Pourtant, son engagement dans la SS n’était pas exempt d’ambiguïté. En 1982, il n’exprimait aucun regret : “Je ne suis pas d’accord lorsqu’on déclare toujours que les Waffen SS étaient des meurtriers. Il y a une question d’honneur qui joue là-dedans. Ce qui j’ai vu faire par la résistance rouge du Limousin ne m’incitait pas du tout à devenir déserteur. Je suis resté dans la troupe pour éviter de devenir un meurtrier” ».
Au final, estime Nicolas Mengus, « on peut avoir l’impression que la division Das Reich était une division d’Alsaciens et de criminels alsaciens ».
« En aucun cas, je n’ai voulu porter préjudice aux Alsaciens et je suis d’ailleurs surpris par l’ampleur des protestations », répond Michaël Prazan. Le réalisateur reconnaît les erreurs sur les chiffres. « Oui, ils sont trop importants et je vais tenter de reprendre ces passages avant la diffusion sur Arte, pour l’instant prévue le 21 avril. » Ce ne sera pas le cas pour la rediffusion sur France 3, le 28 mars en pleine nuit (3 h 30).
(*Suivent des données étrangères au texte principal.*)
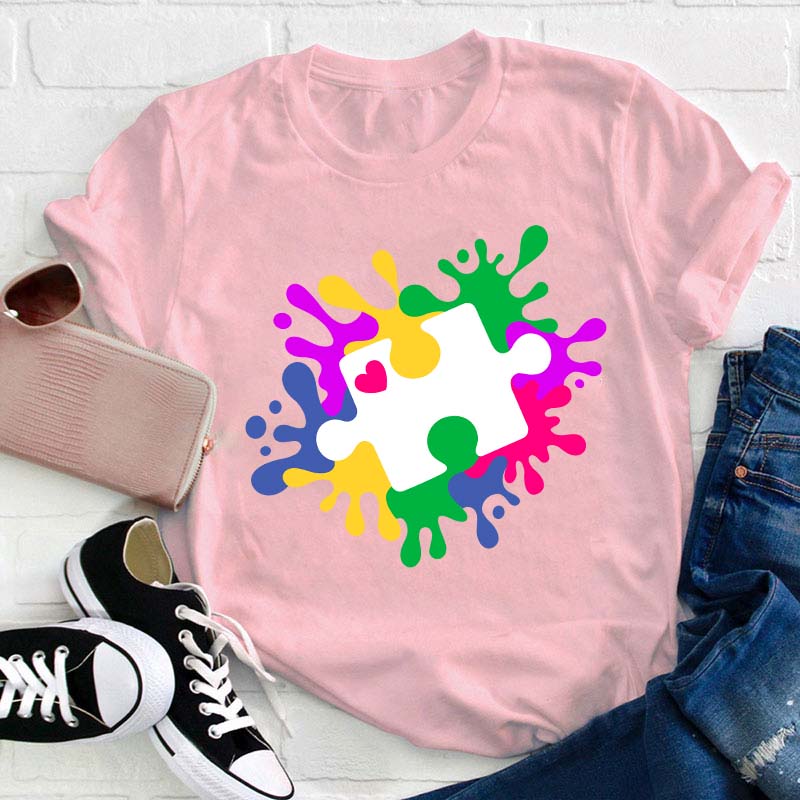Autism Puzzle Piece Teacher T-Shirt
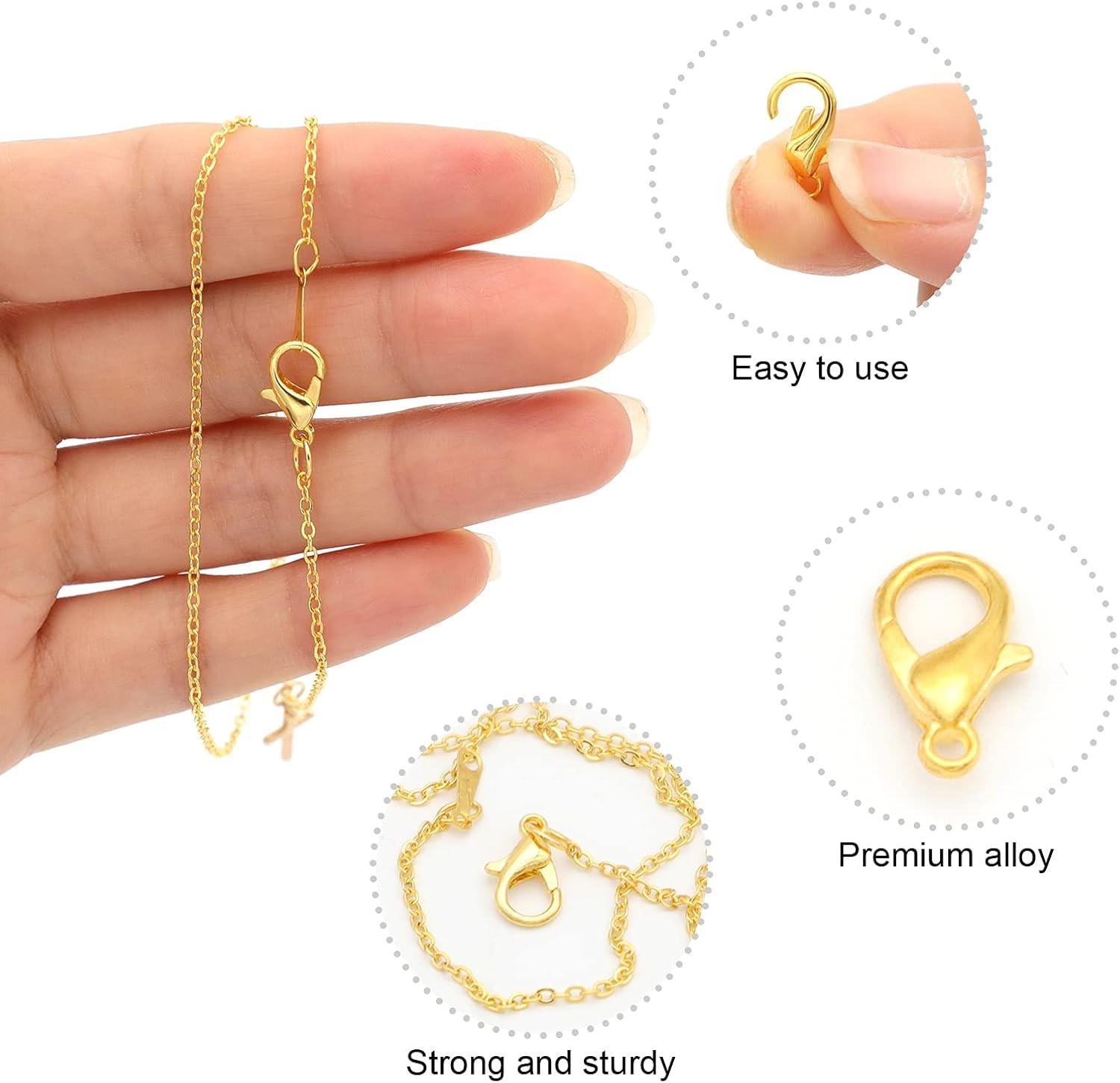 300 Pcs Gold Jewelry Making Kit: Lobster Clasps & Jump Rings for DIY Crafting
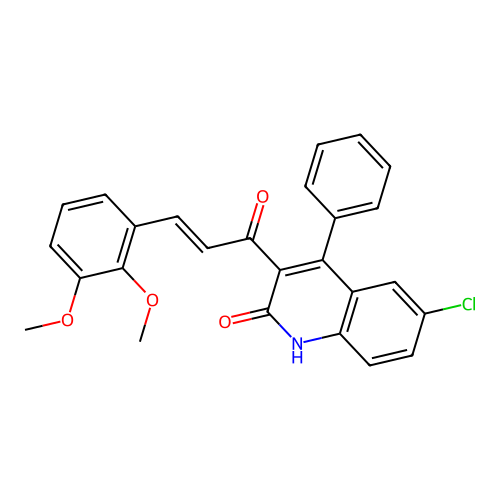 6-Chloro-3-[3-(2,3-dimethoxy-phenyl)-acryloyl]-4-phenyl-1H-quinolin-2-one structure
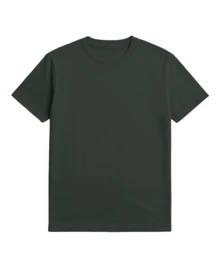 Men's Basic 100% Cotton T-Shirt With Shoulder-To-Shoulder Reinforcement, Plain, Casual Fit - xanh quân đội - Xem 4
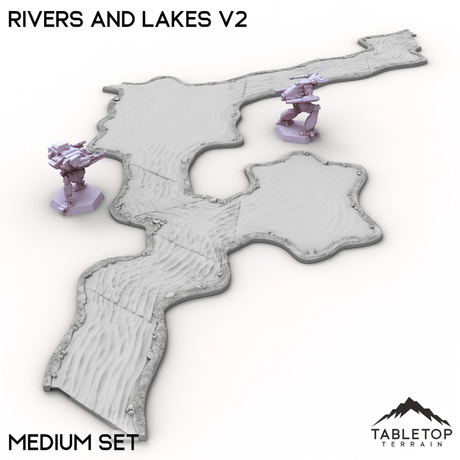 Tabletop Terrain Terrain Medium Set HEXTECH Rivers and Lakes v2 - 6mm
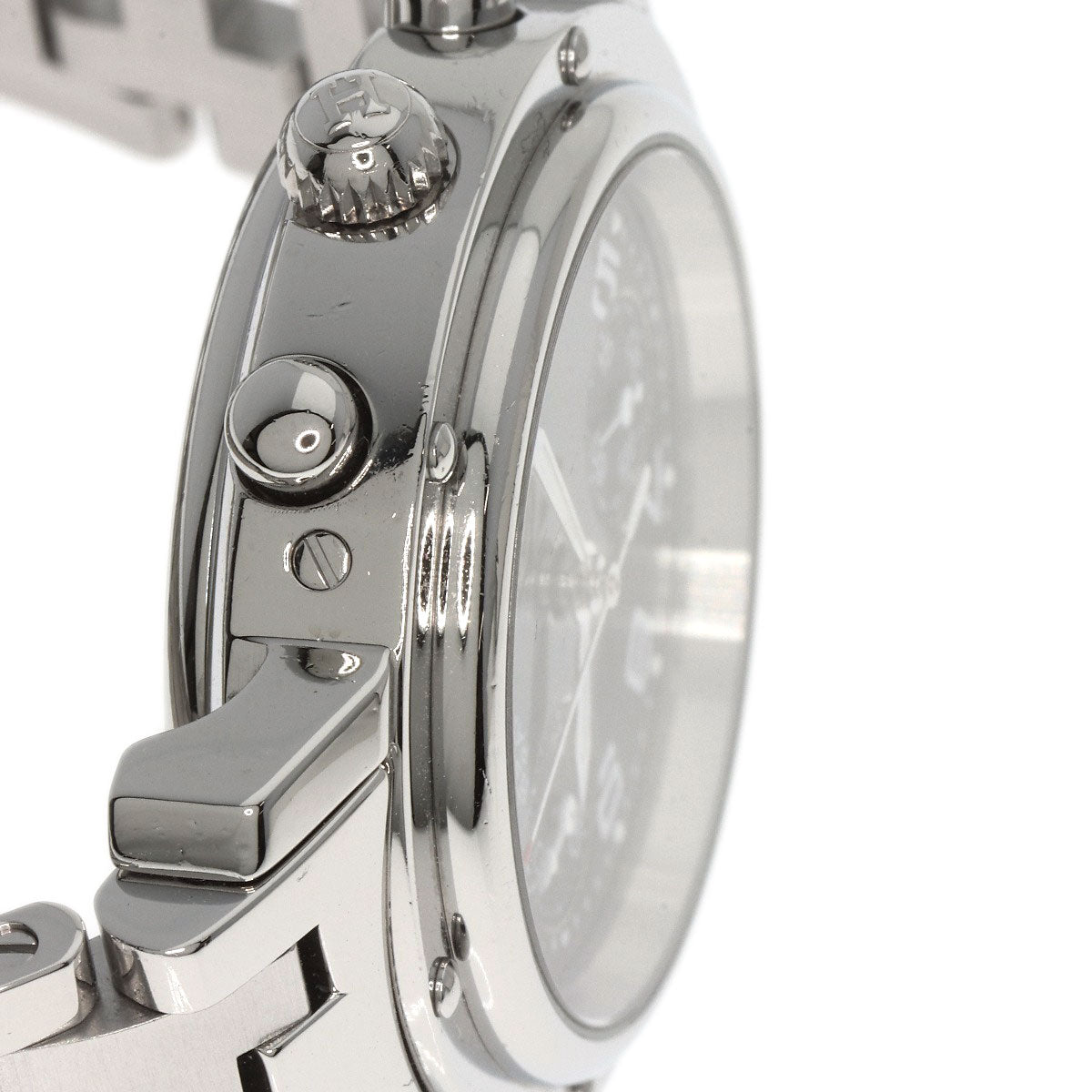HERMES Watches Quartz CL1.310 Stainless Steel , Stainless Steel Silver Clipper Chrono black dial Women Used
Le documentariste assume, par ailleurs, le choix d’Elimar Schneider comme témoin posthume de cette division SS, tout en ayant précisé qu’il n’était pas volontaire mais bien incorporé de force. « Il est devenu la mémoire française de la division Das Reich qu’il n’a eu de cesse de chercher à réhabiliter », écrit-il en réponse à la réaction de Mme de Cazotte (*).
Nicolas Roquejeoffre
(*) http://www.malgre-nous.eu
Une réaction reçue de Mme Angèle Miss sur la messagerie du site
Bonjour,
Très choquée par la diffusion du reportage sur la division Das Reich le 2 mars sur France 3, et suite à l’article paru dans les D.N.A. le 11 mars, je demande que les rediffusions soient annulées.
Trop d’erreurs sur les Alsaciens, sur les effectifs et surtout sur la totale absence d’explications sur l’incorporation de force… et sur le poids qui pesait sur nos parents et grands-parents en cas de désobéissance.
Par respect de nos parents qui se sont beaucoup battus pour leur liberté et pour redevenir Français, il est insultant pour eux de maintenir cette émission.
Comme Nicolas Mengus, « on peut avoir l’impression que la division Das Reich était une division d’Alsaciens et de criminels alsaciens », ceci est intolérable pour moi.
Je demande la suppression de cette rediffusion.
Angèle Miss
Une réaction reçue de M. André Schneider sur la messagerie du site
En voyant le document en objet diffusé sur France 3, j’ai noté les points litigieux ou discutables dont il est,pour l’essentiel, fait état dans l’article paru ce 10.03.2015 dans les D.N.A.
On peut s’étonner que, le réalisateur admettant ses grosses erreurs et approximations parmi un ensemble quand même très parlant, il soit envisagé de rediffuser le 28 mars la même version. Il me semble qu’une opposition à cette diffusion devrait apparaître.Sans verser dans une censure larvée, il serait peut-être aussi préférable que le réalisateur fasse visionner sa version corrigée avant sa diffusion…
Il serait temps de se sortir avec efficacité de l’esprit « soit-disant Malgré-nous » proprement affligeant.